A very interesting experiment conducted by the University of Amman in Jordan speaks volumes about the acceptable, fair and effective conditions for achieving social policy: it shows that greater knowledge by the taxpayers of the impact of the redistribution of their tax dollars encourages them to be much more altruistic.

For the moment, in Jordan, as in most other countries in the South, the bulk of assistance to the poor involves subsidies in order to secure low essential products prices (fuel and food); but these subsidies usually benefit the rich more than the poor, who cannot afford these goods, even at subsidized prices.

The experiment, conducted as part of a World Bank report, called Jordan Gives, involved 420 participants, from middle-class communities, divided into groups of 20, in separate rooms. Participants received fuel vouchers worth a 10 JD (Jordanian dinars) voucher, the equivalent of the minimum daily wage. Participants were offered five proposals: keep the 10 JD voucher; give JD 20 cash per family to five poor families in the community; give a food basket worth JD 20 per family to five poor families; give JD 20 cash per family to five poor families, conditional on their completion of a free training program on work-related skills; give JD 20 cash per family to two poor families and JD 60 cash to the local school.

Some groups, known as « treatment groups », received additional information on what a poor family would be able to buy for 20 JD and were invited to witness the distribution of the selected proposal to the poor families.
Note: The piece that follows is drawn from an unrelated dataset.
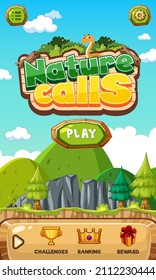 Platform game user interface design illustration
All in all, two-thirds of the participants decided to donate part of their fuel vouchers in exchange for helping the poor in their groups.

The groups known as « treatment groups », gave more than the others, and preferred cash transfers over food transfer; in particular, the young people paid attention to the fact that they were part of the monitoring of benefit delivery. The others, significantly less altruistic, with low trust, tended to have a stronger preference for food rather than cash transfer.

The results of this experimental economics, that must be considered with caution, are very illuminating. They remind us that, in any country, knowledge of the real impact of public action is the condition of its acceptance by the taxpayers; and we too often forget the importance of pedagogy to achieve tax acceptance. The example of community life shows that, when citizens are really involved in social action, they bear its weight much more easily.

In France, in particular, where the taxes and charges are a very heavy burden, where social spending is so complex and does not always benefit those who need it most, a simplification of the transfer mechanisms and a better monitoring by citizens of the use of these resources would make these policies more acceptable. This would require a profound revolution in the organization of the administrations in charge of the collection of government (tax and social welfare) revenue; and in the simplication of the structures of the state, social security and regional authorities in charge of distribution. Without such a revolution, the citizens’ tax revolt is inevitable.